The following table describes each building block or component
in an Authentication policy rule. Before you Add a
rule, complete the prerequisites described in Create
and Manage Authentication Policy.
Building Blocks in an Authentication
Rule | Configured In | Description |
|---|---|---|
Rule number | N/A | Each rule is automatically numbered and
the order changes as rules are moved. When you filter rules to match
specific filters, the page lists each
rule with its number in the context of the complete set of rules
in the rulebase and its place in the evaluation order. For details,
see rule sequence and its evaluation order
|
Name |
General
| Enter a name to identify the rule. The name
is case-sensitive and can have up to 63 characters, which can be
letters, numbers, spaces, hyphens, and underscores. The name must
be unique on a firewall and, on Panorama, unique within its device group
and any ancestor or descendant device groups. |
Description | Enter a description for the rule (up to
1024 characters). | |
Tag | Select a tag for sorting and filtering rules
(see Objects
> Tags). | |
Group Rules by Tag | Enter a tag with which to group
similar policy rules. The group tag allows you to view your policy rule
base based on these tags. You can group rules based on a Tag. | |
Audit Comment | Enter a comment to audit the
creation or editing of the policy rule. The audit comment is case-sensitive
and can have up to 256 characters, which can be letters, numbers,
spaces, hyphens, and underscores. | |
Audit Comment Archive | View previous Audit Comments for
the policy rule.
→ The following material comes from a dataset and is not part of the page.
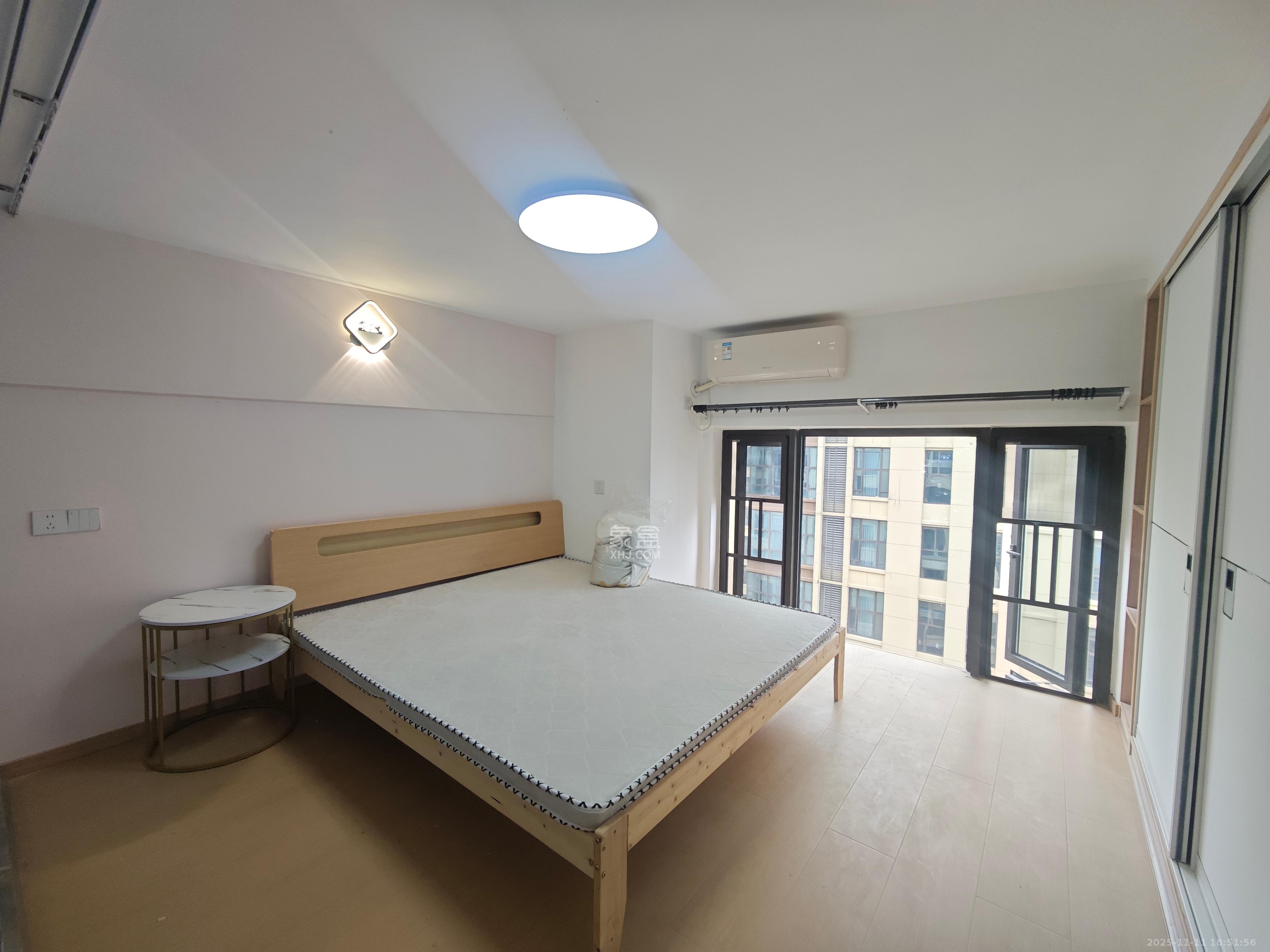 世茂璀璨天城公寓 2室2厅1卫 2400.0元/月 世茂璀璨天城公寓 2室2厅1卫 2400.0元/月室内图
You can export the Audit Comment Archive in CSV format. | |
| Bypass Web Proxy Authentication | Select this option to allow traffic that matches this policy rule to
Bypass Web Proxy Authentication traffic. If you select this option, you must select an address object that contains the source IP addresses
of your trusted devices, a custom URL category that contains the destination IP
addresses of your trusted devices, or both. | |
Source Zone | Source | Add zones to apply the
rule only to traffic coming from interfaces in the zones that you
specify (default is any). To define
new zones, see Network
> Zones. |
Source Address | Add addresses or address
groups to apply the rule only to traffic originating from the sources
that you specify (default is any). Select Negate to choose
any address except the selected ones. To define new address
or address groups, see Objects
> Addresses and Objects
> Address Groups. | |
Source User | User | Select the source users or user groups to which
the rule applies:
If
the firewall collects user information from a RADIUS, TACACS+, or
SAML identity provider server and not from the User-ID™ agent, the
list of users does not display; you must enter user information
manually. |
Source HIP Profile | Add host information profiles
(HIP) to enable you to collect information about the security status
of your end hosts, such as whether they have the latest security
patches and antivirus definitions. For details and to define new HIPs,
see Objects
> GlobalProtect > HIP Profiles. | |
Destination Zone | Destination | Add zones to apply the
rule only to traffic going to interfaces in the zones that you specify
(default is any). To define new zones, see Network
> Zones. |
Destination Address | Add addresses or address
groups to apply the rule only to the destinations that you specify
(default is any). Select Negate to choose
any address except the selected ones. To define new address
or address groups, see Objects
> Addresses and Objects
> Address Groups. | |
Service | Service/URL Category | Select from the following options to apply
the rule only to services on specific TCP and UDP port numbers:
|
URL Category | Select the URL categories to which the rule applies:
| |
Authentication Enforcement | Actions | Select the authentication enforcement object (Objects
> Authentication) that specifies the method (such as Authentication
Portal or browser challenge) and authentication profile that the
firewall uses to authenticate users. The authentication profile
defines whether users respond to a single challenge or to multi-factor authentication
(see Device
> Authentication Profile). You can select a predefined or custom
authentication enforcement object. If you must exclude
hosts or servers from a Authentication Portal policy, add them to
an Authentication Profile that specifies no-captive-portal as
the Authentication Enforcement. However,
Authentication Portal policies help the firewall learn user-to-IP-address mapping
and should be used when possible. |
Timeout | To reduce the frequency of authentication challenges
that interrupt the user workflow, you can specify the interval in
minutes (default is 60) when the firewall prompts the user to authenticate
only once for repeated access to resources. If the Authentication Enforcement object
specifies multi-factor authentication, the user must authenticate
once for each factor. The firewall records a timestamp and reissues
a challenge only when the timeout for a factor expires. Redistributing
Timeout is
a tradeoff between tighter security (less time between authentication
prompts) and the user experience (more time between authentication prompts).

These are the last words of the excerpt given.